DATA SUPPLIED below:
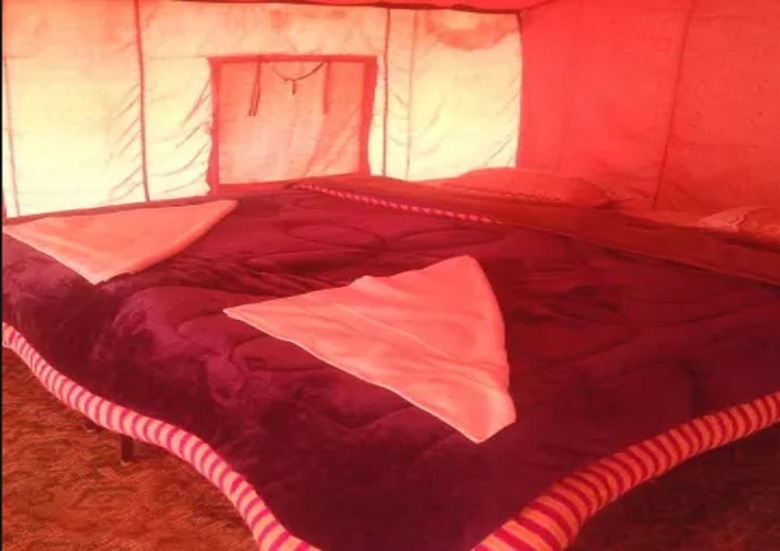 Hotel Pangong Lake View Cottages And Camps
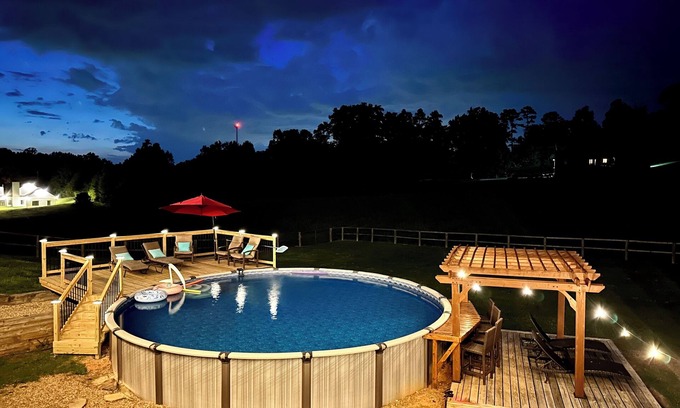 Dandridge Casa | ⛰️Views! Huge hot tub! Firepit area! 20 mins to DWood, fenced yard! Pets welcome!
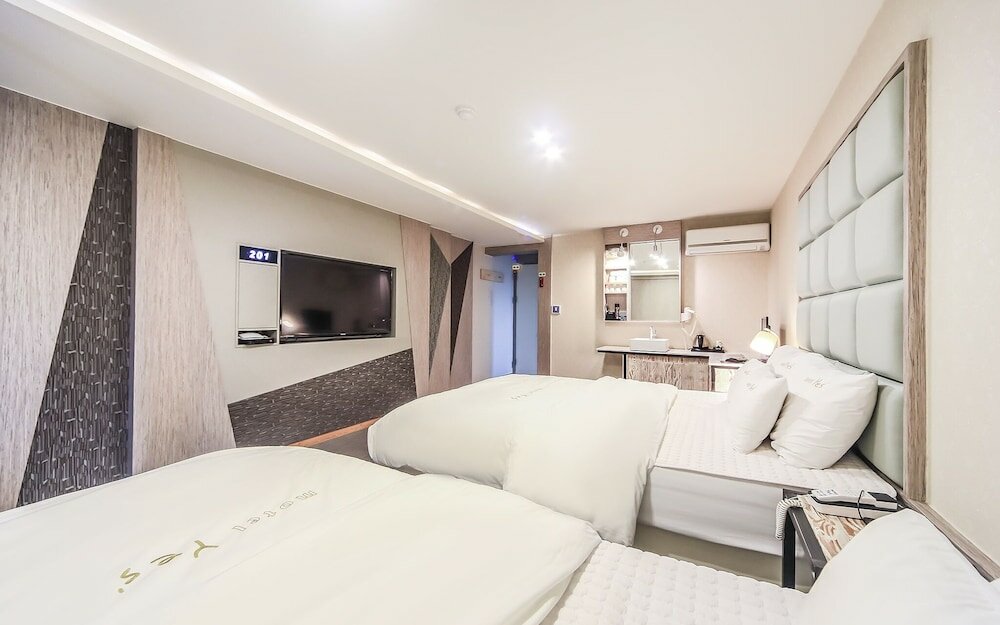 Фото Busan Seomyeon Den Vast Hotel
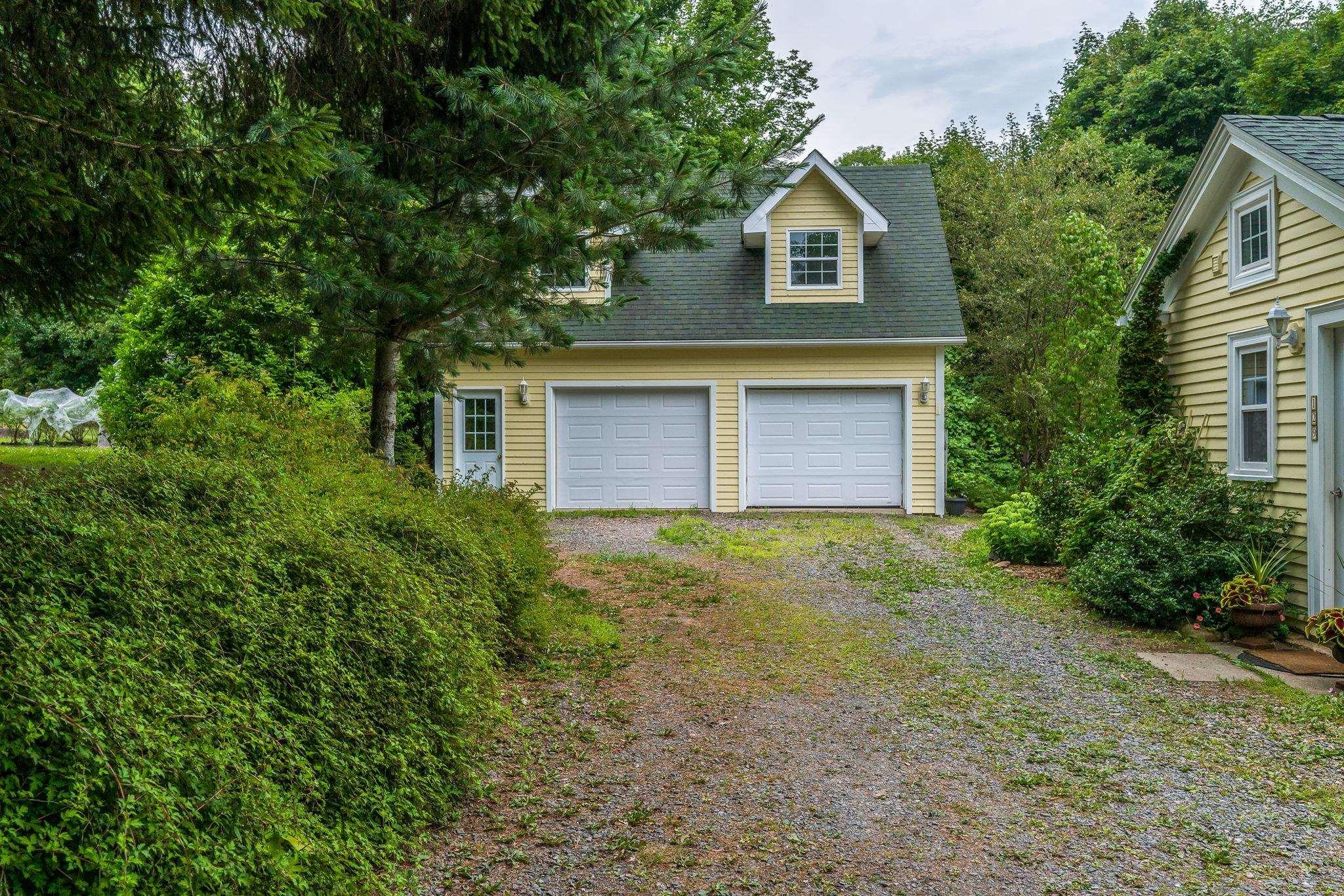 $990,000.00: 129 Town Road, Falmouth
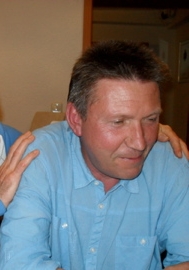 Schelli mit Geisterhänden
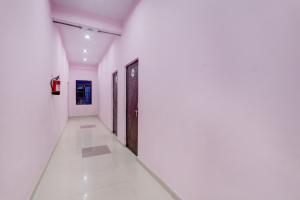 Hotel O S G Grand and Resort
End of DATA SUPPLIED.
• [PROBLEM TO SOLVE]: Retype the line containing "Фото Busan Seomyeon Den Vast Hotel" and all lines after it through the end of the material, exactly and only those, leaving out pictures.

• [SOLUTION TO THE EXERCISE]:
 Фото Busan Seomyeon Den Vast Hotel
 $990,000.00: 129 Town Road, Falmouth
 Schelli mit Geisterhänden
 Hotel O S G Grand and Resort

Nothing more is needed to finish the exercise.